The attack is among the cases catalogued in a report published on April 20 by the West Bank Protection Consortium, a body led by the Norwegian Refugee Council and funded by the European Union and several European governments. The report, titled Sexual Violence and Forcible Transfer in the West Bank, found that sexual violence has become a driver of displacement, with more than 70 percent of displaced families interviewed citing threats against women and children as a decisive factor in abandoning their homes.

The report’s findings are reinforced by accounts from other parts of the territory. In Hebron, Issa Amro, coordinator of the Youth Against Settlements group, described daily harassment at Israeli military checkpoints surrounding the Ibrahimi Mosque in the city’s Old City. He recounted an incident roughly 18 months ago in which a soldier pulled down his trousers in front of a 17-year-old Palestinian girl at a checkpoint in the Tel Rumeida area. The Israeli human rights organisation B’Tselem published its own documentation of soldier mistreatment and humiliation in Hebron in December 2024.

The consequences extend beyond individual trauma.
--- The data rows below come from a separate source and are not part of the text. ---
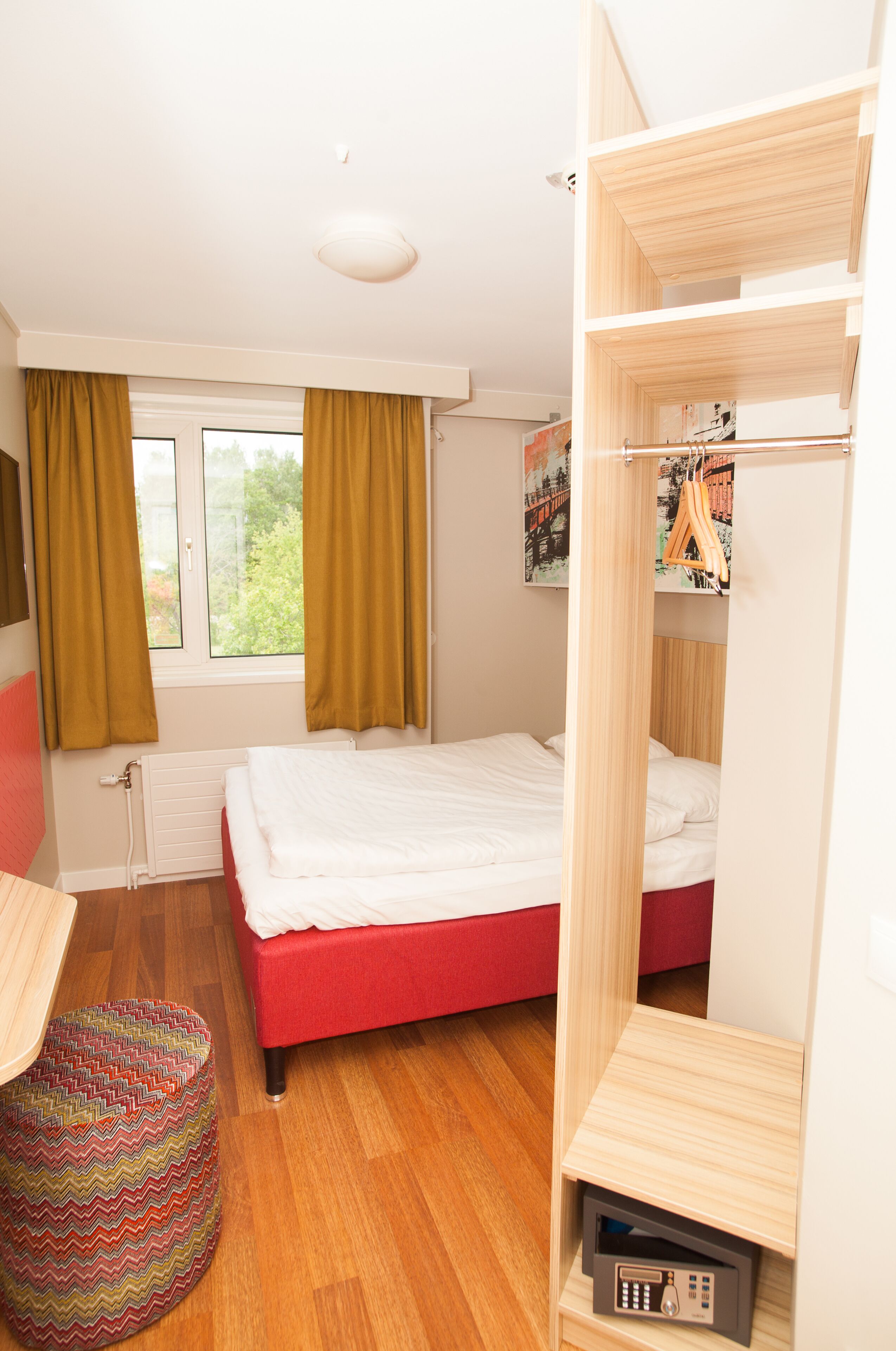 خزنة داخل الغرفة ومكتب وستائر تعتيم وتجهيزات عازلة للصوت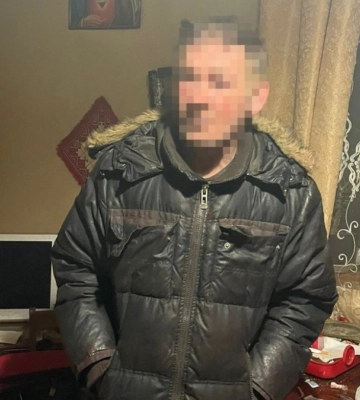Побив кочергою, відрубав кисть руки та порізав: на Львівщині затримано злочинця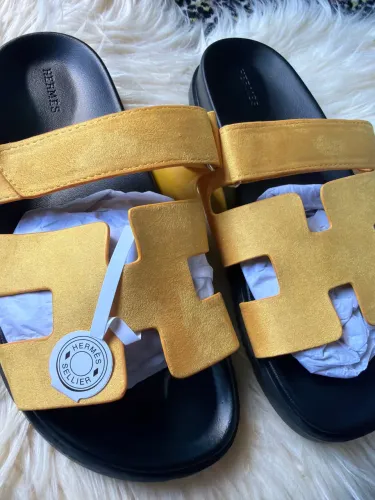 Sandália Hèrmes amarelo linha premium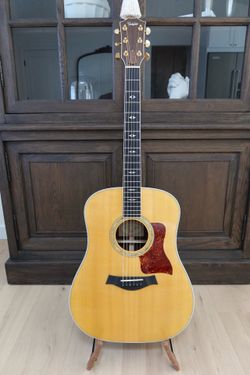 Taylor 810 acoustic electric guitar + hardcase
Palestinian girls have dropped out of school to reduce the likelihood of encountering soldiers or settlers who might assault or harass them. Women have stopped working for the same reason, compounding the economic and social isolation already imposed by the occupation’s physical infrastructure.

In Jenin, the dynamics of military control have created their own flashpoints. The Jenin refugee camp was sealed by Israeli forces for a year following a deadly weeks-long military raid. On April 13, the Israeli army permitted women to enter the camp for a limited period to inspect their homes. Abeer al-Sabbagh, 60, was subjected to a strip search by soldiers during that brief window of access — an experience she described as deeply humiliating.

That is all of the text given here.